Thomas Kilmann Conflicts

  • Competing

    “My way or the highway”

    The competing mode is high on assertiveness and low on cooperation. This mode is appropriate when quick action needs to be taken. When unpopular decisions need to be made. When vital issues must be handled, or when one is protecting self-interests.

  • Avoiding 

    “I’ll think about it tomorrow”

    The avoiding mode is low on assertiveness and low on cooperation. This mode is great when you have issues of low importance. To reduce tensions and to buy some time Or when you know your limitations and allow others ownership.

  • Accommodating

    “It would be my pleasure”

    The accommodating mode is low on assertiveness and high on cooperation. It’s a good mood to show you’re reasonable. To develop performance and to create good will. It also helps to retreat and maintain perspective, or to keep peace. Some people use the accommodating mode when the issue or outcome is of low importance to them.

  • Compromising

    “Let’s make a deal”

    The compromising mode is moderate on assertiveness and moderate on cooperation. This mood is ideal when issues of moderate importance need to be resolved. When resolution needs to be reached with equal power and strong commitment. When temporary solutions are acceptable or necessary. When there are time constraints and competing/collaborating have not worked…

  • Collaborating

    “Two heads are better than one”

    The collaborating mode is high on assertiveness and high on cooperation. Recommended when solutions need to be integrated. When learning needs to happen and when perspectives needs to be merged. Or when commitment needs to be gained or relationships need to be improved.

Nothing new ?

I am quite sure this framework is not  a “revolution” for most people. They have learned through life and experience to deal with conflicts in certain ways.Less sure for me is if they’re happy all the time with their way of dealing with conflicts. And if they are aware it’s all about choosing an appropriate mode.

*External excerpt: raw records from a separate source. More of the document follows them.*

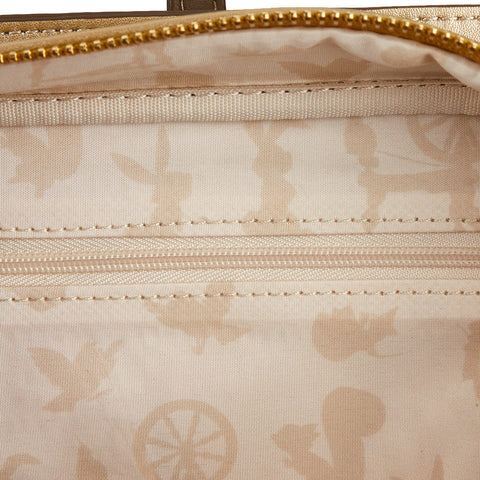 Sleeping Beauty Pin Trader Backpack Inside Lining View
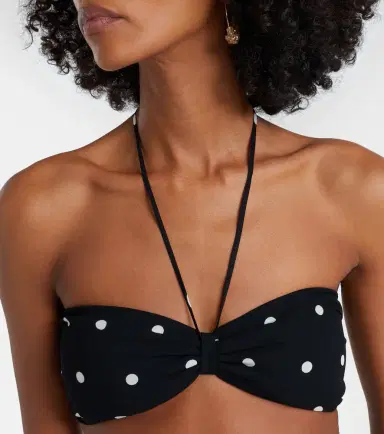ADRIANA DEGREAS Polka-dot bandeau bikini top | Thumbnail 4 ADRIANA DEGREAS Polka-dot bandeau bikini top | Thumbnail 4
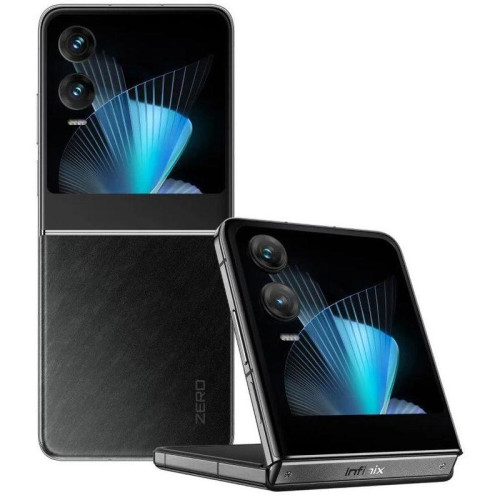 Смартфон Infinix X6962 Zero Flip 512Gb 8Gb черный раскладной 3G 4G 2Sim 6.9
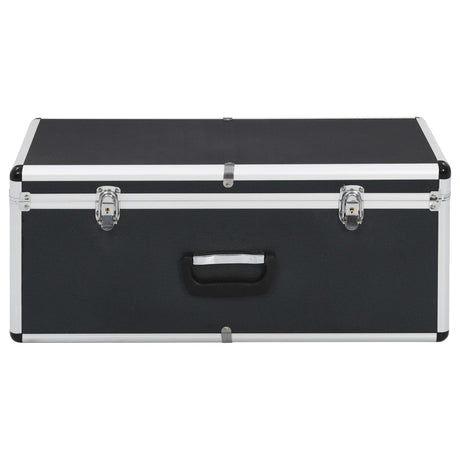 Vidaxl opbergkoffers 2 st aluminium zwart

It’s not about always reacting in the same way, because they’re used to that.
Are you most of the time consciously choosing one of the possible modes ? Or are you adapting to how others make choices ?
Do you have a preferred mode you use more than the other modes ? Are you happy with that mode ?
All these modes are “ok” on condition that you make conscious choices, each time you use them. If you don’t feel happy about this, it probably means you should choose differently or vary a bit more in the use of the modes.
 
http://www.youtube.com/watch?v=w2P9jW4_Q8s
Choosing and being able to adopt other styles, requires of course some skills. I will write about these skills in one of my next blogs.
 
So in the meantime, Houston, we have some conflicts. And that’s OK.